Les nations de l’hémisphère sud ont très souvent dominé la planète rugby, notamment face aux équipes de l’hémisphère nord. En ce moment les nations européennes semblent prendre l’ascendant sur les nations de l’hémisphère sud, dont elles se sont beaucoup inspirées, est-ce une tendance de fond du rugby mondial ou seulement un épisode ?

A titre personnel je n’aime pas trop les termes de match référence, puisque la performance au plus haut niveau, c’est un renouvellement permanent des solutions. En ce sens, les solutions qui ont fonctionné, vont être étudiées et analysées, probablement reprises à leur compte par les autres nations. Elles deviennent donc, obsolètes.

Je me souviens d’Eddie Jones, qui était venu sur nos installations pour y faire une « masterclass ». Certains lui avait demandé s’il était possible d’avoir son document de travail. Il avait accepté de le partager en expliquant, qu’à partir du moment où c’était écrit, cela signifiait qu’il était déjà passé sur autre chose. Selon lui, la capacité d’un club à tendre vers le haut niveau est étroitement liée à sa capacité à renouveler ses idées et à innover. En ce sens, ceux qui campent sur leurs idées et donnent des leçons, sont aussi ceux qui sont des freins à l’évolution du club.

« La capacité d’un club à tendre vers le haut niveau est étroitement liée à sa capacité à renouveler ses idées et à innover. »

En outre, le pouvoir économique est en faveur de l’hémisphère du nord et les nations du sud éprouvent des difficultés financières. A cela s’ajoute qu’en France par exemple, le réservoir de talents qui se situait pendant plusieurs années autour de 10 joueurs, représente actuellement presque 40 joueurs, voire 50. Par exemple au poste de talonneur, Julien Marchand est excellent, mais il est en concurrence avec Peato Mauvaka, qui lui-même est suivi de près par Gaêtan Barlot, qui est vraiment un très bon talonneur, mais qui peut aussi être remplacé par Camille Chat, etc. Au poste de numéro 10 il y a débat entre Romain Ntamack et Matthieu Jallibert, qui sont deux joueurs brillants mais avec des profils très différents, qui offre à l’équipe un large éventail de solutions.

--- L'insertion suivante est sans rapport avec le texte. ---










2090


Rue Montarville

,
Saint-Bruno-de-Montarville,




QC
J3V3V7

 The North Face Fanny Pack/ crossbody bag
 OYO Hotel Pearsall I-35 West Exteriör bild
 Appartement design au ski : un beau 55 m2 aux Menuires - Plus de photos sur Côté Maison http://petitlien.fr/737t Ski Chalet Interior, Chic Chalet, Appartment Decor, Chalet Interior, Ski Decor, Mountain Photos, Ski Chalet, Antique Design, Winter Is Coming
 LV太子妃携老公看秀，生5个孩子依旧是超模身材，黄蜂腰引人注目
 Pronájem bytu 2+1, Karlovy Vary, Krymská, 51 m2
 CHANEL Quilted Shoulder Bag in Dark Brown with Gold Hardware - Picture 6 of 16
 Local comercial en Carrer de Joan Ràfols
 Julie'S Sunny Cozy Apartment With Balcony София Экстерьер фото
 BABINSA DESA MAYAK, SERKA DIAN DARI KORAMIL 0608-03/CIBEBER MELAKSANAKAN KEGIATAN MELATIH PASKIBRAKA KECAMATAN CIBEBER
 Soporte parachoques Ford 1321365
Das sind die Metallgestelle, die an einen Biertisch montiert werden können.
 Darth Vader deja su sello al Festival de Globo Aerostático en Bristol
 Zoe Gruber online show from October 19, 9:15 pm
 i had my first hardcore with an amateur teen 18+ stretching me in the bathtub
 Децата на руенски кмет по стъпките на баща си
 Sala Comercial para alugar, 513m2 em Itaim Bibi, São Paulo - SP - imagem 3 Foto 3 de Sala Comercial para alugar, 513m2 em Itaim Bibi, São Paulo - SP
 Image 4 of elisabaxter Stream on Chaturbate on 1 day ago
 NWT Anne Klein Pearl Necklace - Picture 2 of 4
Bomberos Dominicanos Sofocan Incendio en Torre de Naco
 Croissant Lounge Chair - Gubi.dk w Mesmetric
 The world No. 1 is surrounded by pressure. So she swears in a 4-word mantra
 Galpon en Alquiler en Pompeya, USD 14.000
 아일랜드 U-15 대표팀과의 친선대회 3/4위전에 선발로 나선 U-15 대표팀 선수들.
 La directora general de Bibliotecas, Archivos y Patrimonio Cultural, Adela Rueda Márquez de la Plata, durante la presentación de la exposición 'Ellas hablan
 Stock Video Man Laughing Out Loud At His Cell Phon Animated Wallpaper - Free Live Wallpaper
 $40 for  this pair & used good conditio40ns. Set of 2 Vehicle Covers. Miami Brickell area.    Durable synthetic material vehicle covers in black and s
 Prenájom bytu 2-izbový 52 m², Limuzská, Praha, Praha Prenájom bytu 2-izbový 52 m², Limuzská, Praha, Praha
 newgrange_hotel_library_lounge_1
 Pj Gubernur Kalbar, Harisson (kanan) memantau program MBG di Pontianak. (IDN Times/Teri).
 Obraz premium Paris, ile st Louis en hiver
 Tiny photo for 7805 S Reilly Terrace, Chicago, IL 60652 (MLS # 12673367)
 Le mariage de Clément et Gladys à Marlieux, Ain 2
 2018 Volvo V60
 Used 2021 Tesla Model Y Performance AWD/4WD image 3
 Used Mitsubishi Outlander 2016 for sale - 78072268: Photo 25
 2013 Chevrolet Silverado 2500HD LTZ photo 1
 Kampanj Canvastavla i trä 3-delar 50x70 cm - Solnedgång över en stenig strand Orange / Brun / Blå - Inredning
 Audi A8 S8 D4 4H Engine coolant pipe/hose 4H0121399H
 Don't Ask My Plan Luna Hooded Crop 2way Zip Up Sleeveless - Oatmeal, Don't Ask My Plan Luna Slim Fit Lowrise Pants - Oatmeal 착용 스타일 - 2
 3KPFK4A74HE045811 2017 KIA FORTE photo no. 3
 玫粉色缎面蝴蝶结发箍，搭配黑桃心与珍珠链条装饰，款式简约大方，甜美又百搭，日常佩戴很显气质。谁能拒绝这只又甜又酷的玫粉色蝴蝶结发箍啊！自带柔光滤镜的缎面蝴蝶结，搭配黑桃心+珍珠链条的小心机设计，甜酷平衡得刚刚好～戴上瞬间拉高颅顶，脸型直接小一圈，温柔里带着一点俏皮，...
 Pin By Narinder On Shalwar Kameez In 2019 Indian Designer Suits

Un club doit avoir une formation florissante, pour ancrer ses valeurs et son identité, mais à l’image de la société, il doit être ouvert à la diversité et à des profils de joueurs qui apportent des choses différentes. Le Racing se doit d’être le club de l’île de France et il doit se nourrir de la diversité francilienne, pour représenter un modèle de réussite, certes avec de l’innovation à l’image de notre stade, une certaine élégance, mais aussi notre volonté d’accueillir tout le monde.

Quelle fierté de voir des jeunes franciliens qui se dépassent pour le maillot du Racing, même si ce n’est pas toujours facile à gérer dans le vestiaire avec des joueurs qui bousculent les codes et la hiérarchie, cela reste d’une richesse incroyable. A l’image de notre stade ultra moderne, qui ressemble à une salle de basket, mais qui s’ouvre à la fin du match pour permettre au public de rencontrer les joueurs et partager un verre de la convivialité.